- Episode no.: Season 3 Episode 6
- Directed by: Jennifer Getzinger
- Written by: Suzanne Wrubel; Lisa Joy;
- Cinematography by: John Grillo
- Editing by: Ali Comperchio
- Production code: 306
- Original air date: April 19, 2020
- Running time: 58 minutes

Guest appearances
- Rodrigo Santoro as Hector Escaton / Ettore; Jimmi Simpson as young William; Peter Mullan as James Delos; Michael Ealy as Jake; Jonathan Tucker as Major Craddock; Jaxon Williams as Nathan; Russell Wong as Brompton; Payman Maadi as Elliot; Iddo Goldberg as Sebastian; Charmin Lee as Joanna; Zayd Kiszonak as Child William; Siena Goines as Dr. Natasha Lang; Louis Ferreira as Dr. Alpert;

Episode chronology
| ← Previous "Genre" | Next → "Passed Pawn" |

= Decoherence (Westworld) =

"Decoherence" is the sixth episode in the third season of the HBO science fiction dystopian thriller television series Westworld. The episode aired on April 19, 2020. It was written by Suzanne Wrubel and Lisa Joy, and directed by Jennifer Getzinger.

==Plot summary==

Serac has a Delos board member killed, which ensures the company cannot prevent his immediate takeover.

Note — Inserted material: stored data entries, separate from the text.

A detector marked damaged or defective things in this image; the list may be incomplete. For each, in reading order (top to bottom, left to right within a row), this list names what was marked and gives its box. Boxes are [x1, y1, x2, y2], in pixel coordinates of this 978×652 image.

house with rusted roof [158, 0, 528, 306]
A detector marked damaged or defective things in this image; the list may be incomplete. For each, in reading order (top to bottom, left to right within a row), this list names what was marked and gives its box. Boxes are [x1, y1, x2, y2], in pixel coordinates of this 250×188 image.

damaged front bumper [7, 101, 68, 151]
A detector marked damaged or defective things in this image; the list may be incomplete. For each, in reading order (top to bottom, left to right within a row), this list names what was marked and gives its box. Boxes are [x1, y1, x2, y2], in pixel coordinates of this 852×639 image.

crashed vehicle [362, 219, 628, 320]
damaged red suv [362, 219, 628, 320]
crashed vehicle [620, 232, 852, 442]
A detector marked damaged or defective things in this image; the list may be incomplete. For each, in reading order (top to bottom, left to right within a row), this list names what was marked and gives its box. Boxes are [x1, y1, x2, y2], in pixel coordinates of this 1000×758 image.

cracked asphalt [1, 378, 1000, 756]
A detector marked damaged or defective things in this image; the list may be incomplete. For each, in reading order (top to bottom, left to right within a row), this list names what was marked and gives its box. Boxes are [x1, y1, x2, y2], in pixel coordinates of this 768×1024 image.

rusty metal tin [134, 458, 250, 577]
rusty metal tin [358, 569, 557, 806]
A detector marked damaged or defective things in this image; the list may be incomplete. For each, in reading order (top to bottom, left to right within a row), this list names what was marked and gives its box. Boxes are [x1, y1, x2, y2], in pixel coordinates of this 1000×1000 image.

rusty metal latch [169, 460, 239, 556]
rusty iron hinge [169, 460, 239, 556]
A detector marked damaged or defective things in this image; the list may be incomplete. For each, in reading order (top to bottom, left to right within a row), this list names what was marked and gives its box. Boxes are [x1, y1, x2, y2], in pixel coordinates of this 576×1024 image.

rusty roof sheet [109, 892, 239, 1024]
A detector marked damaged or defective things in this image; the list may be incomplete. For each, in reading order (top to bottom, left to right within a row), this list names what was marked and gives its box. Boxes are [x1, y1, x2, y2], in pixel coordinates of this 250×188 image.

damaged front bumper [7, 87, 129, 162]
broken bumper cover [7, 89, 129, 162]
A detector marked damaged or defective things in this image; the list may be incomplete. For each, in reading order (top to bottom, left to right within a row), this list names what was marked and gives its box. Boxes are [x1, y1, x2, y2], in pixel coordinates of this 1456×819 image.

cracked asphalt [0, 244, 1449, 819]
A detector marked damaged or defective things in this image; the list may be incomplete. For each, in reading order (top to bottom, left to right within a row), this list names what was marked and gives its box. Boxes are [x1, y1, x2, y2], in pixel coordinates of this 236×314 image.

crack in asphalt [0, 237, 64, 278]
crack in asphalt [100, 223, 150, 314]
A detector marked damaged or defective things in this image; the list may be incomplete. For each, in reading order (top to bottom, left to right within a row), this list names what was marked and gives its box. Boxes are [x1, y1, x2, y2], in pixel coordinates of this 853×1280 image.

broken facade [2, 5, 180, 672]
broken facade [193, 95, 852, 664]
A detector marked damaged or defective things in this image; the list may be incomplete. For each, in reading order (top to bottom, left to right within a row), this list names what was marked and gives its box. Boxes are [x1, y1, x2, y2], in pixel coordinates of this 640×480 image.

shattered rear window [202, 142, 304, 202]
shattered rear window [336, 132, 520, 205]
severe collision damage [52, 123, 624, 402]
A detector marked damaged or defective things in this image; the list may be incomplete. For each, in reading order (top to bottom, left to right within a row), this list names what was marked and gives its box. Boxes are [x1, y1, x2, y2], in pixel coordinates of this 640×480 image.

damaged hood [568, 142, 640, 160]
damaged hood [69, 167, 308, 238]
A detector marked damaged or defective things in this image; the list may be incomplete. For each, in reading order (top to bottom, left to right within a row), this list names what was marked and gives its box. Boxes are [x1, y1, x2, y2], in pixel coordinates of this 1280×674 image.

Charlotte calls Dolores to inform her that this happened. She feels increasingly out of place in her body, but Dolores insists she get the data they need as planned. Serac orders the destruction of the park hosts and host data and to test all employees for a host. Charlotte uses the distraction to make the host data copy that Dolores needs. She also discovers William's location, and that Serac is using the host machines at Delos to make four new hosts. Later, Serac identifies her as the Dolores host. Charlotte attempts to escape.

Maeve is told by Serac that she will get a new host body as well as allies to help in the fight against Dolores. She is brought into the Warworld simulation and meets Lee again. She finds that her host module has been moved as well as the three additional hosts being prepared. This includes one for Hector, and she helps bring back Hector's prior memories. She, Hector, and Lee find that the damaged module, the copy of Dolores that was in Martin, is also attached to the simulation. Maeve asks this Dolores about her plans. Dolores recognizes that Maeve would likely be seeking allies and would have planned ahead. Maeve is too late to stop Charlotte from destroying the Hector control module. Maeve soon wakes up in her new host body and waits for the two untouched hosts to arise.

William resists traditional therapy at the mental institution, so he is fitted with an implant that can access his limbic system. Through it, the doctors make him have an augmented reality therapy session with his earlier selves as well as James Delos. This shows that there was a point in his teenage life where he chose violence, which led him down this path. William comes to a catharsis as he violently beats up his other selves. He claims he has now chosen to be the "good guy." He is pulled out of this state by Bernard and Ashley. The facility was otherwise abandoned after everyone received their Rehoboam profile.

Serac's men chase Charlotte away from the host machines but not before she grabs the damaged Dolores's core. Charlotte races home to take her ex-husband Jake and son Nathan to safety, but Serac's men destroy the car. A charred Charlotte survives.

==Reception==
"Decoherence" received generally positive reviews from critics. On Rotten Tomatoes, the episode holds an approval rating of 84% and an average score of 6.57/10, based on 19 reviews. The website's critics consensus reads: "'Decoherence' finds the characters in unexpected places, positioning Westworlds third season for its final battle."

The initial broadcast was watched by 771,000 viewers.